• [Provided records]:
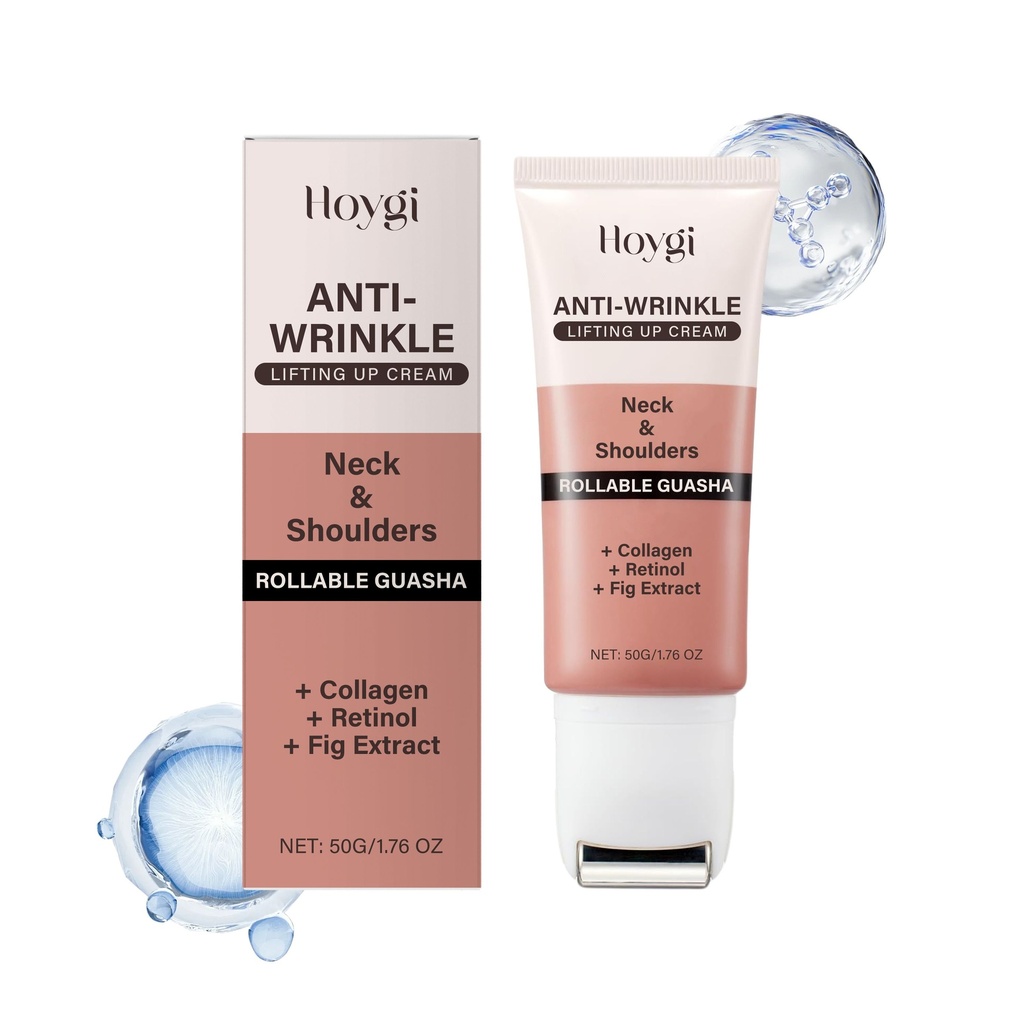 Kem cổ retinol Hoygi, kem dưỡng ẩm và giảm nếp nhăn cho cổ, kem chăm sóc cổ săn chắc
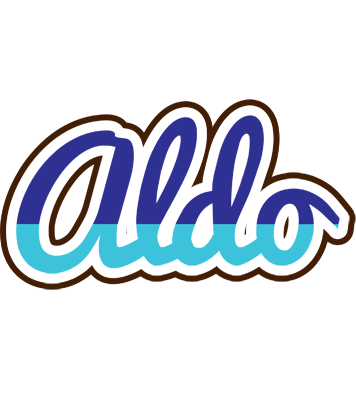 Aldo raining logo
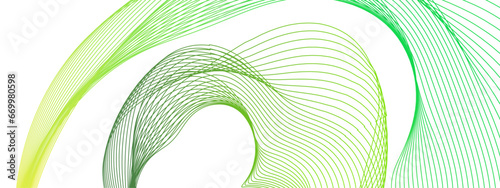 Curve lines abstract business art waves in transparent background. Vector technology backdrop digital wave flow pattern. Modern stream wave and curve round lines wallpaper background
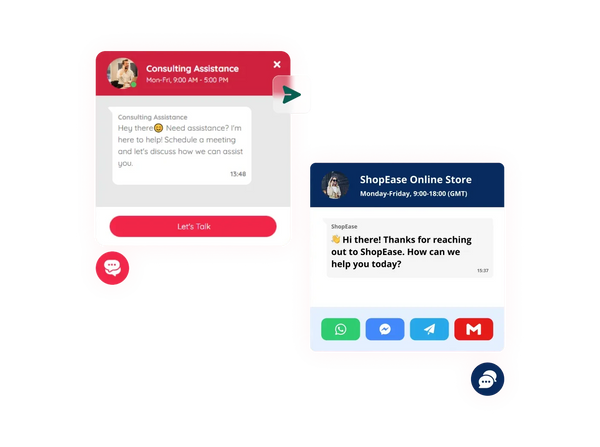All in One Chat Widget – Squarespace UI Components on SquareLocator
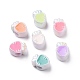 UV Plating Rainbow Iridescent Acrylic European Beads(SACR-E009-26)-1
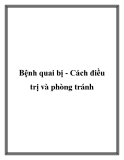 Bệnh quai bị - Cách điều trị và phòng tránh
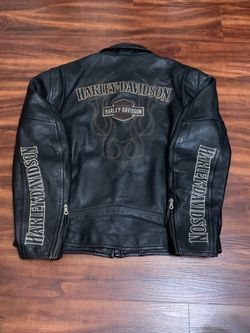 Harley-Davidson Men's Black Leather Jacket Size XL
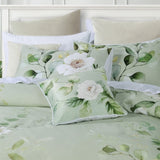 Bianca Salisbury Sage Floral Cotton Sateen Quilt Cover Set Queen V442-BCA-QUILTCS-SALISBURY-SAGE-QS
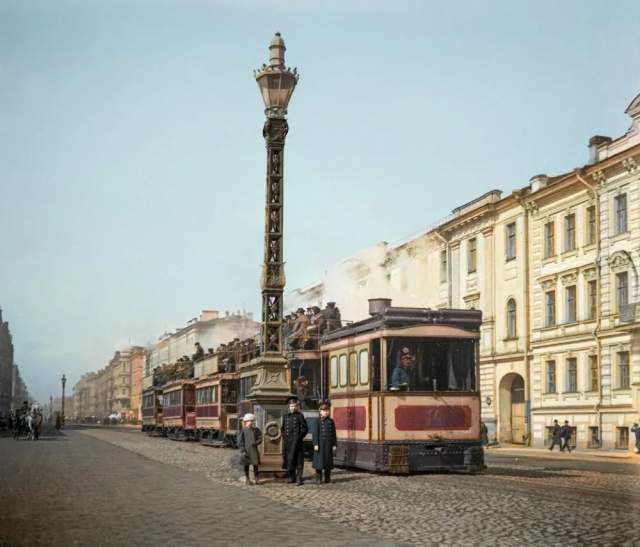 Петербургский паровик, 1908 год.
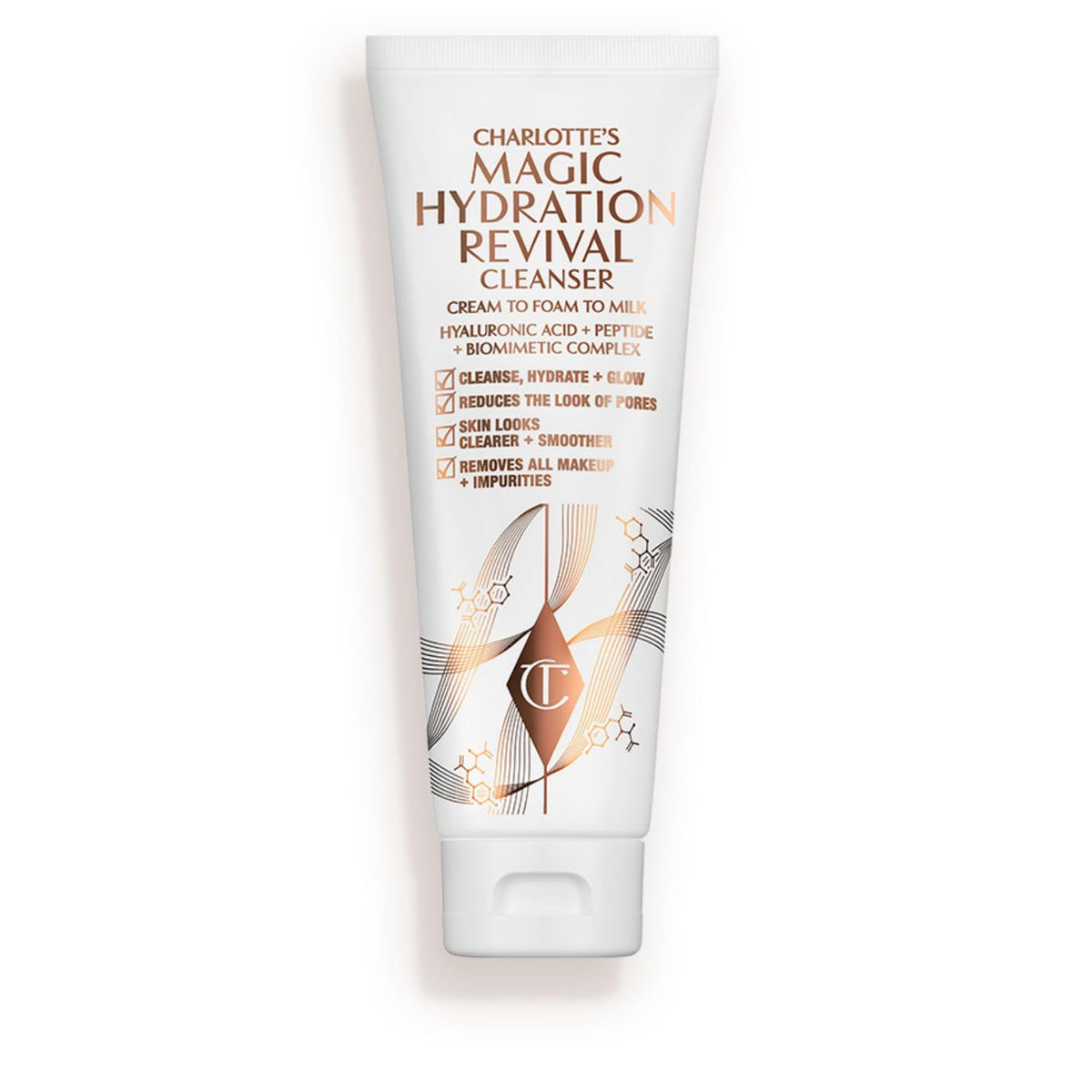 Lavender Charlotte Tilbury Magic Hydration Revival Facial Cleanser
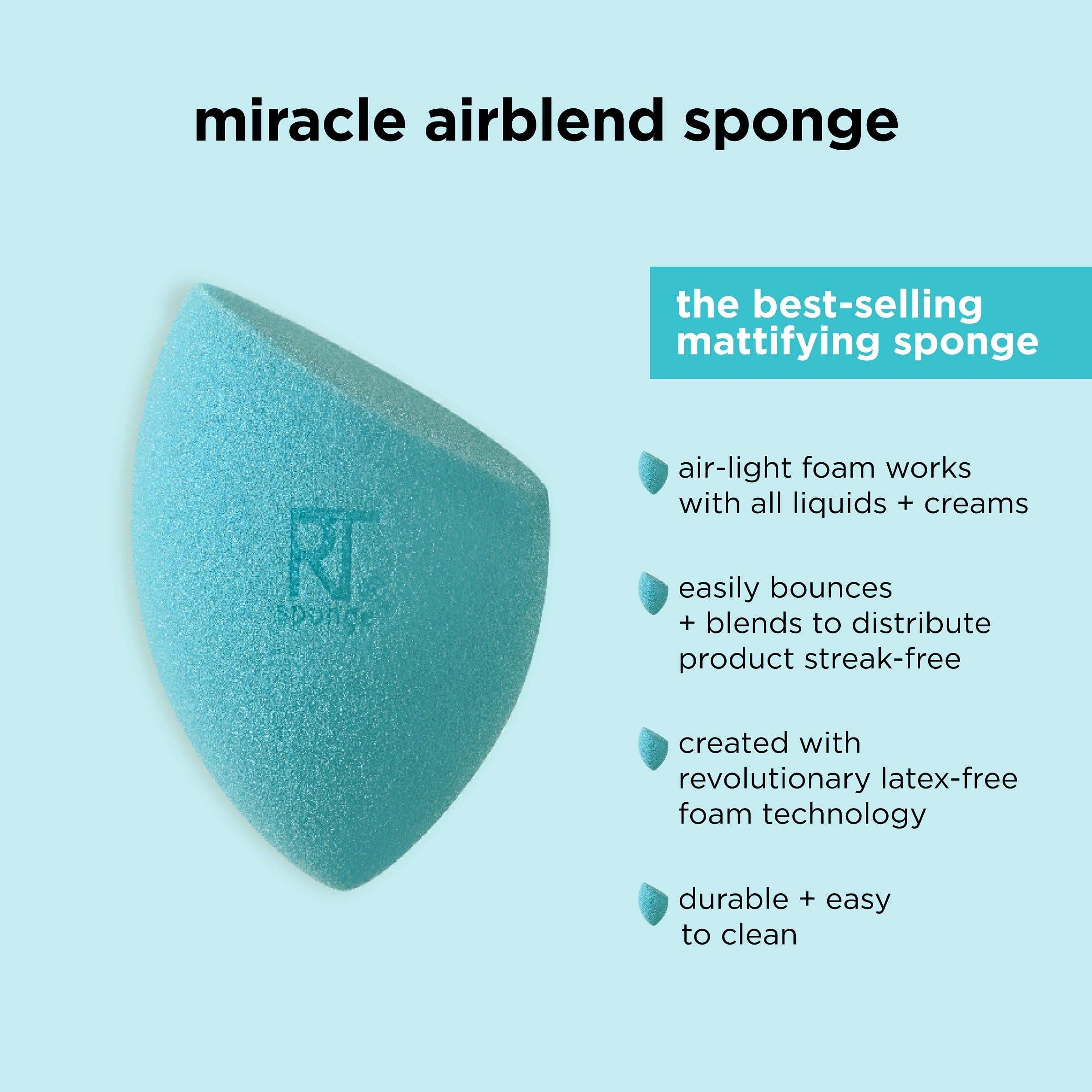 Real Techniques Miracle Airblend rounded-side for seamless blending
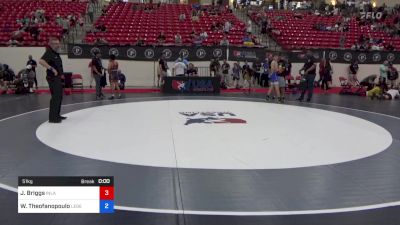 51 kg Round 3 - Jessiah Briggs, Inland Elite Wrestling Club vs William Theofanopoulos, Legends Of Gold Las Vegas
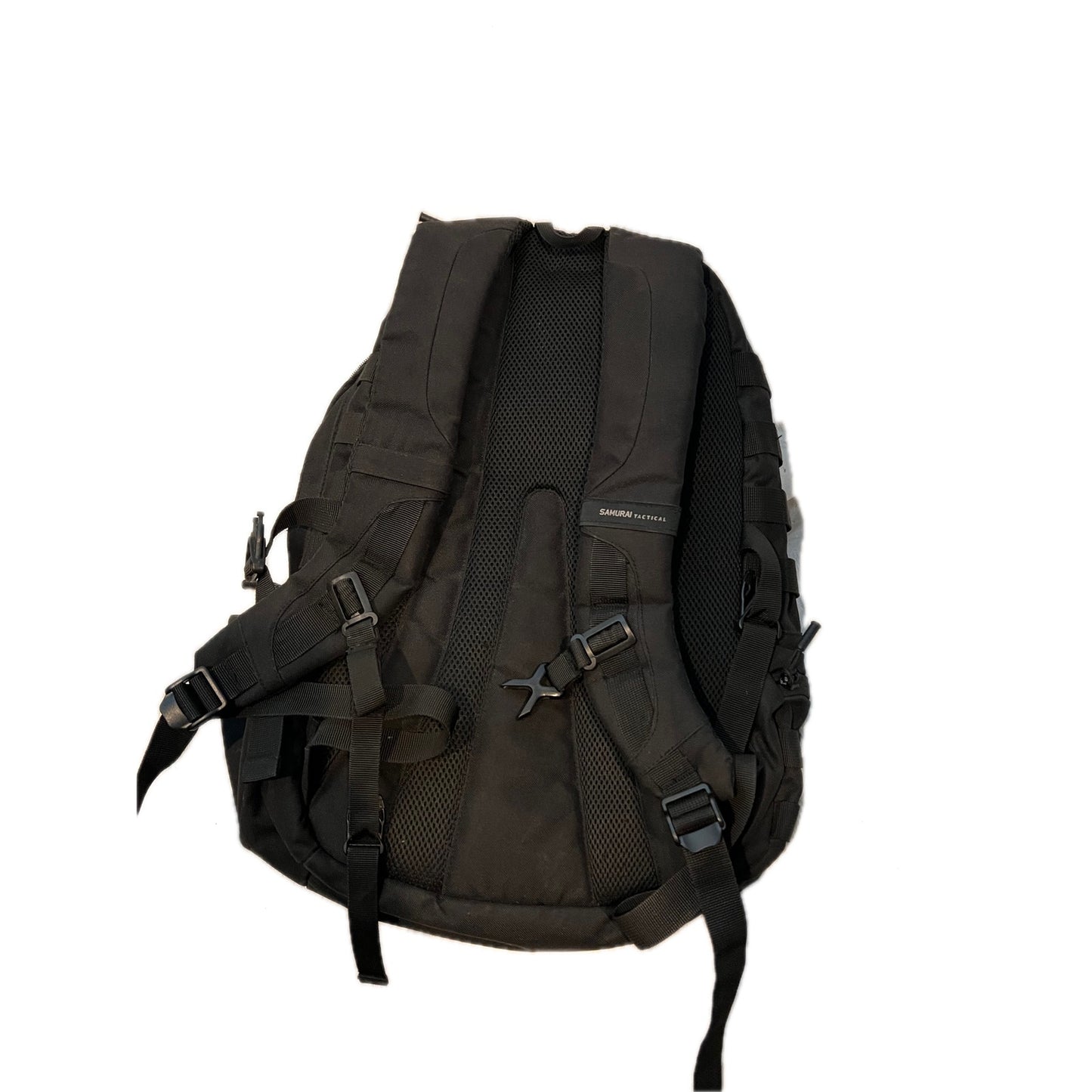 Sac à Dos Tactique Générique avec Patch Drapeau USA Noir 26L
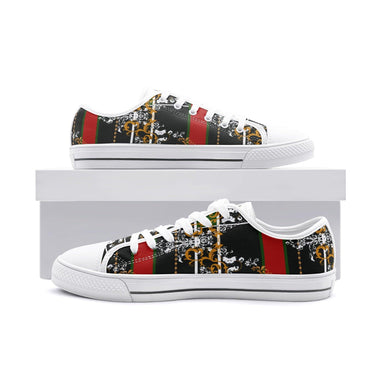Clothed In Glory Signature Wear Milano Unisex Low Top Canvas Shoes - ClothedInGloryApparel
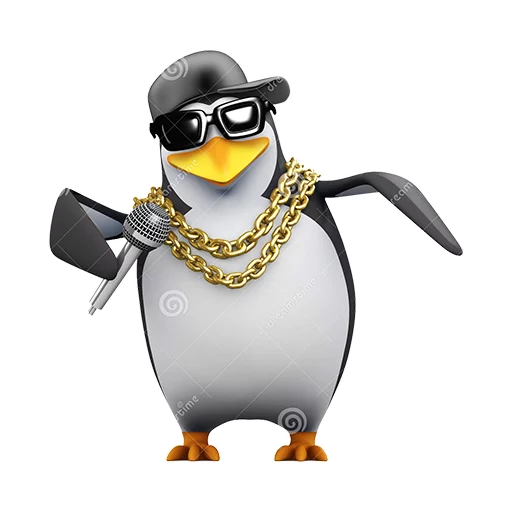 Dank 3d stock penguins emoji 🎤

• [Exercise description]: What you need to retype is every line from the one that has "Bệnh quai bị - Cách điều trị và phòng tránh" through the last line of the listing, both included, with the pictures left out.

• [Exercise result]:
 Bệnh quai bị - Cách điều trị và phòng tránh
 Harley-Davidson Men's Black Leather Jacket Size XL
 Bianca Salisbury Sage Floral Cotton Sateen Quilt Cover Set Queen V442-BCA-QUILTCS-SALISBURY-SAGE-QS
 Петербургский паровик, 1908 год.
 Lavender Charlotte Tilbury Magic Hydration Revival Facial Cleanser
 Real Techniques Miracle Airblend rounded-side for seamless blending
 51 kg Round 3 - Jessiah Briggs, Inland Elite Wrestling Club vs William Theofanopoulos, Legends Of Gold Las Vegas
 Sac à Dos Tactique Générique avec Patch Drapeau USA Noir 26L
Clothed In Glory Signature Wear Milano Unisex Low Top Canvas Shoes - ClothedInGloryApparel
 Dank 3d stock penguins emoji 🎤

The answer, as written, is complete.